One noteworthy feature of this table is the annual openings column. The fact that one sector has a higher overall increase in jobs doesn’t necessarily mean that there are more employment opportunities in that occupation. For example, the Managers, directors and senior officials sector is set to grow by 134,135 jobs, whilst the Administrative and secretarial occupations sector is set to grow by just 18,565 jobs. However, when we look at the number of annual openings, we find that there are actually more in the Administrative and secretarial occupations (169,066 ) than there are in Managers, directors and senior officials (154,197). The reason for this is that there is clearly a much higher turnover in jobs like Administrative and secretarial occupations, when compared to some other sectors, such as Managers, directors and senior officials. This is important to bear in mind, as we might be tempted to take the headline employment figure and assume that there is not going to be much demand in a sector which is not showing much growth, when in actual fact there may well be a big demand for such roles.
Looking at occupations at the 4-digit level, the following graph shows the top ten occupations in terms of increased employment between 2013 and 2018:
We can see that the demand for Care workers and home carers continues its meteoric rise with another 33,460 people expected to be employed in this sector by 2018. It is worth doing the same exercise here that we did for Manufacturing above — looking at the total numbers over the period 2003-2018. What we find is that the increase in Care workers and home carers over this 15 year period far outstrips the next highest occupation increase over the same period. Employment numbers in the Care workers and home carers sector are set to increase by a massive 229,559 compared to the next highest occupation — Teaching assistants — which is set to rise by 93,275 over the same period.

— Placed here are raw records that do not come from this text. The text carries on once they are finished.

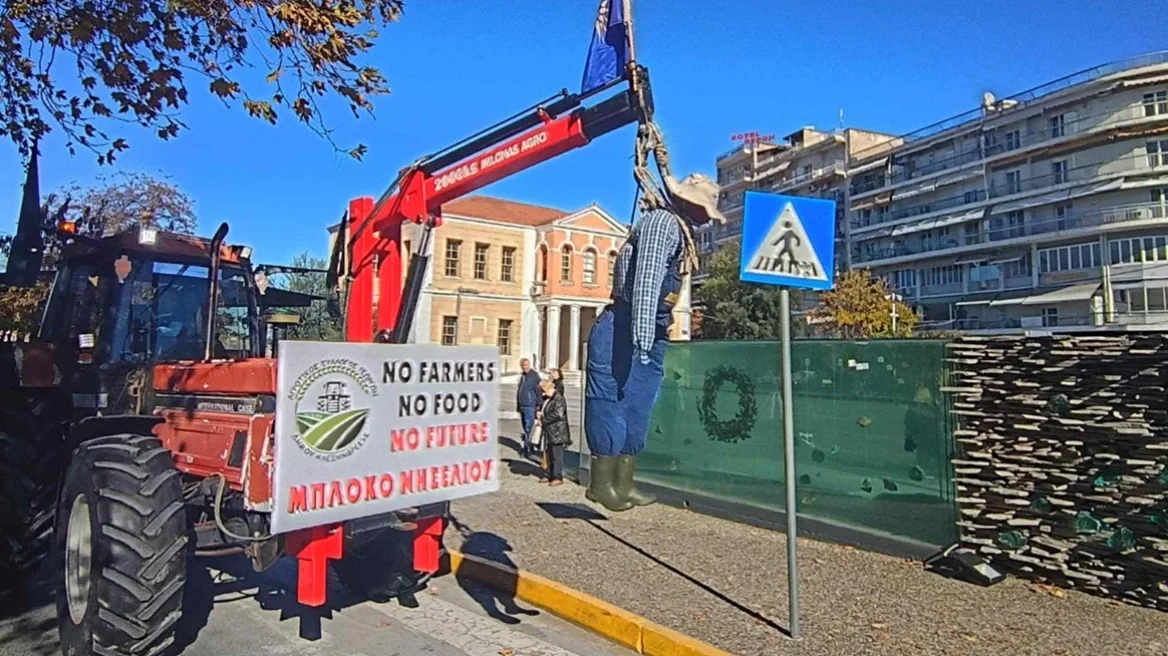 Κινητοποίηση με 100 τρακτέρ στο κέντρο της Βέροιας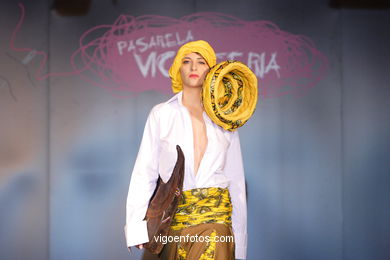 COLECCIÓN DE MODA DE GRUPO ATELIER DES MILLE COLLINES - PASARELA DE MODA JÓVENES DISEÑADORES 2007 - VIGOFERIA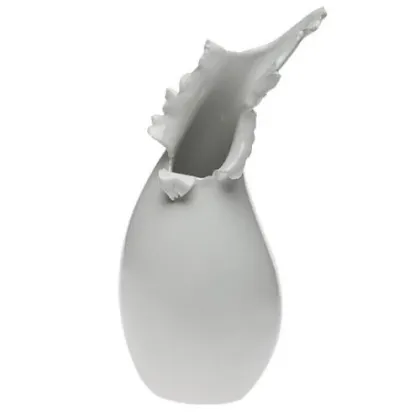 Picture An avant-garde vase with an unusual, bulging shape - Byfly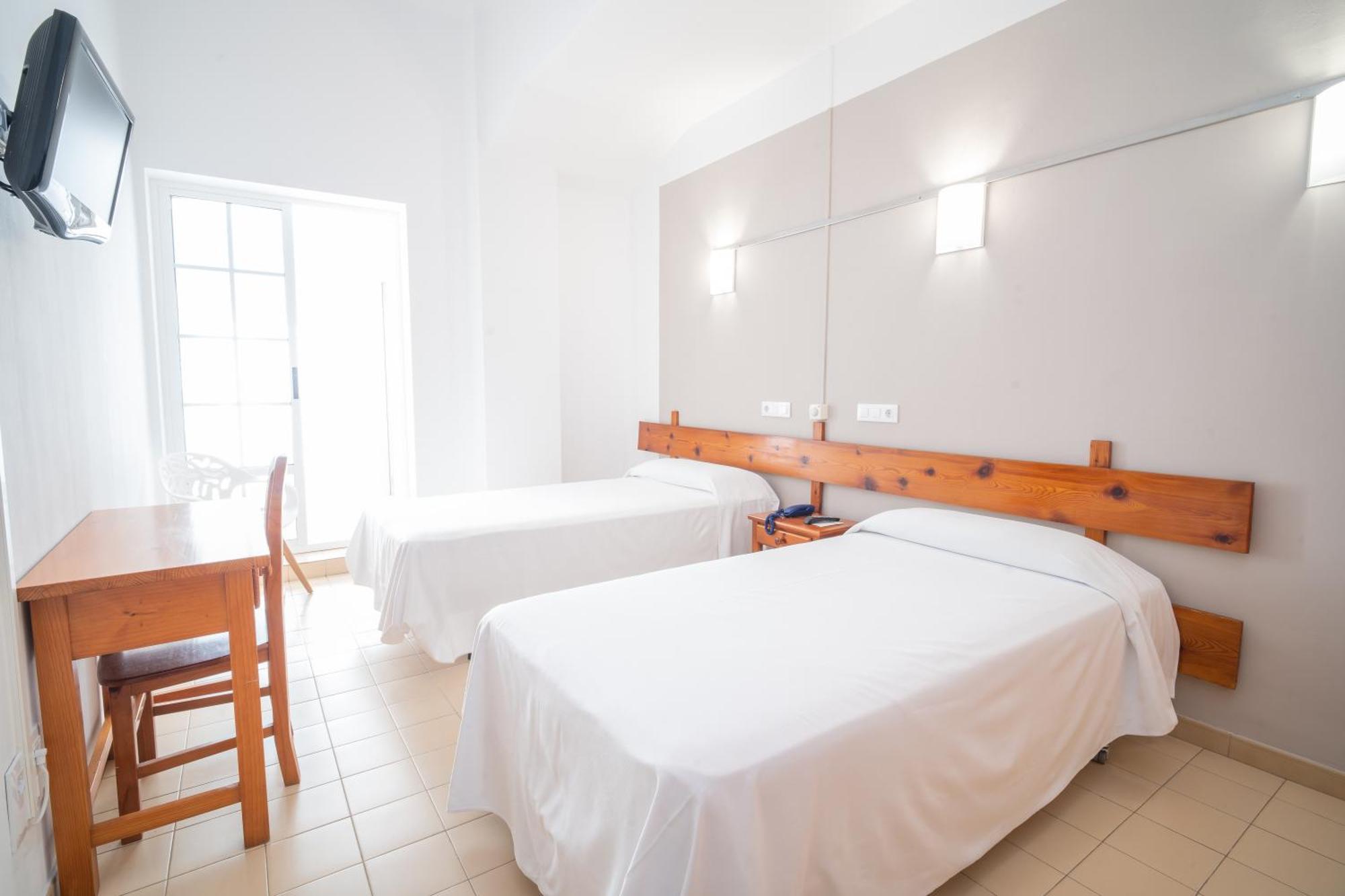 Twin Room Terrace,1601682696:JPEG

Future Regional Variations
So far we have looked at the future of population demographics, industries and occupations, drilling down from high-level to low-level in each category. We can now drill down geographically, to find out what the future might hold for regions of the country. The table below shows employment in Britain 2013-2018 by government office region:
Table: Regional Change 2013-2018
|Gov't Office Region||2013 Jobs||2018 Jobs||Change||Annual Openings|
|Source: EMSI Covered Employment - 2014.1|
|South East (UKJ)||3,987,866||4,120,046||132,180||193,600|
|East of England (UKH)||2,611,363||2,712,536||101,173||130,479|
|South West (UKK)||2,415,253||2,505,241||89,988||121,538|
|West Midlands (UKG)||2,413,536||2,469,668||56,132||114,219|
|East Midlands (UKF)||1,978,104||2,029,099||50,995||94,454|
|Yorkshire and the Humber (UKE)||2,250,492||2,300,815||50,323||106,249|
|North West (UKD)||3,098,152||3,146,940||48,788||141,721|
|North East (UKC)||1,036,733||1,041,920||5,187||45,931|
London and the South East look set to grow in terms of employment, with London passing 5 million and the South East passing 4 million jobs by 2018. As mentioned above in the Occupations Future section, it is essential that we take note of the annual openings, not just the headline employment figure. For example, the North West is 7th on the list in terms of actual job change over the next few years, with an increase of 48,788. However, in terms of numbers of openings, the region makes it to 3rd on the list, ahead of the East of England, with a total of 141,721 annual openings. This might well suggest that the North West is likely to see a large increase in the type of occupations which generally tend to have a fairly high turnover.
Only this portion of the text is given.